I won't give all the Profiler details. Tableau issues a bunch of little metadata queries, but if we dig a tiny bit, we find the main course:
SELECT [students].[class] AS [class], [students].[name] AS [name] FROM [dbo].[students] [students] GROUP BY [students].[class], [students].[name]
And there we have it. A few more characters, but exactly the query we predicted. I've color coded these examples to make it easier to line up the fields.
But what are those "Abc"s? Well, Tableau wants to put a mark for each value that it's calculating, and we haven't told it what data to show, so it uses "Abc" as a placeholder. We can improve our viz a little and get rid of these by moving the Name to "Text" shelf:
A visualization guru might scoff at this.
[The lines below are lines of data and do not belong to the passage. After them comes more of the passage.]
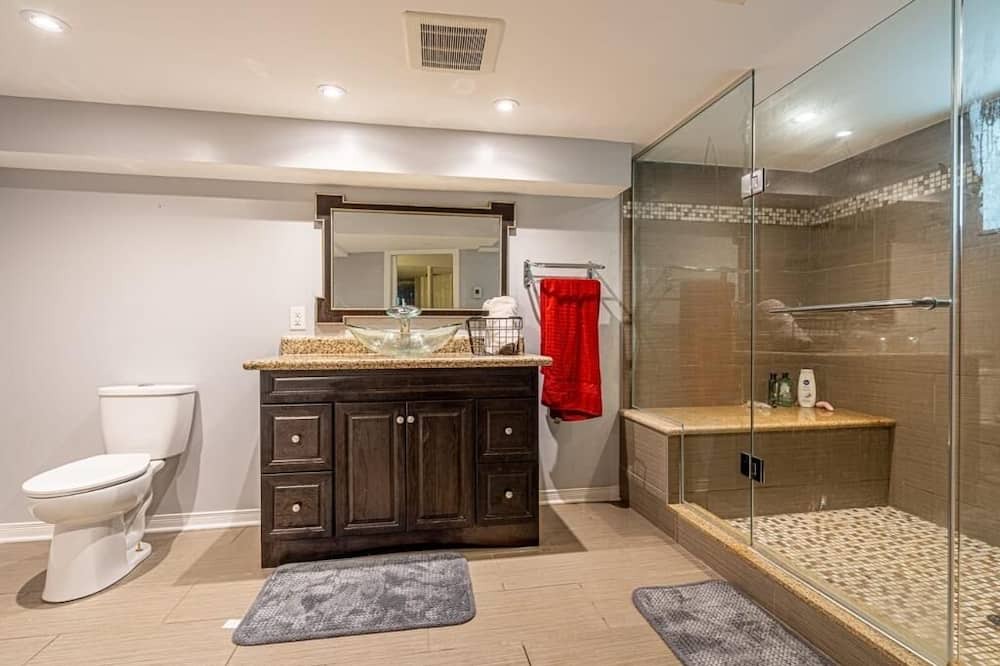 Photo of Bathroom in Niagara Falls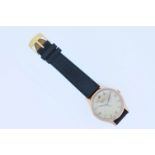 Doxa Goldene Armbanduhr, Doxa Antimagnetique, Handaufzug, Ankerwerk, Zifferblatt mit Patina, 60er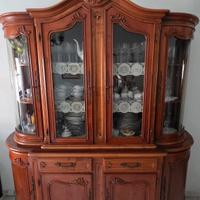 credenza piu' tavolo + 6 sedie imbottite 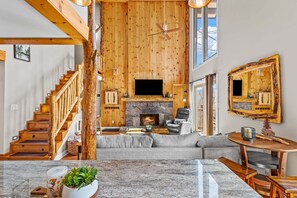 TV, fireplace - Slopeside Lodge at Sugar Mountain - walk to ski slopes, views, near water, gas fireplace (Sugar Mountain)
But I'm not a visualization guru. What we care about is the query this generates. And although the visualization has changed, the underlying query doesn't: we're still using both Name and Class as dimensions, and each unique pairing of these values shows up once in the viz.
Let's try to use this knowledge to direct the viz we get. Let's say that we want to know how many classes each student is taking. In SQL, we might write:
SELECT COUNT(class), name FROM students GROUP BY name
How do we get this in Tableau? Reviewing our rules, we see that we should leave Name a dimension, and make Class a measure with COUNT as its aggregation.
Let's try it. Here I've put Name on Rows, and COUNT(Class) on Text:
That looks right: we have one mark for each distinct name, that mark is the count of classes. Just to confirm, let's go to the SQL:
SELECT COUNT_BIG([students].[class]) AS [cnt:class:ok], [students].[name] AS [name] FROM [dbo].[students] [students] GROUP BY [students].[name]
Again, we can make a better viz—say, a bar chart—but rest assured, it's just another way of presenting the same data from the same query:
(I always knew Elsa was an overachiever.)
To recap, dimensions and measures are really very simple. Dimensions are the things that you group by; they show up in both the GROUP BY and SELECT clauses of the underlying query. And measures are the things you're aggregating; they never show up in the GROUP BY clause, only aggregated in the SELECT clause.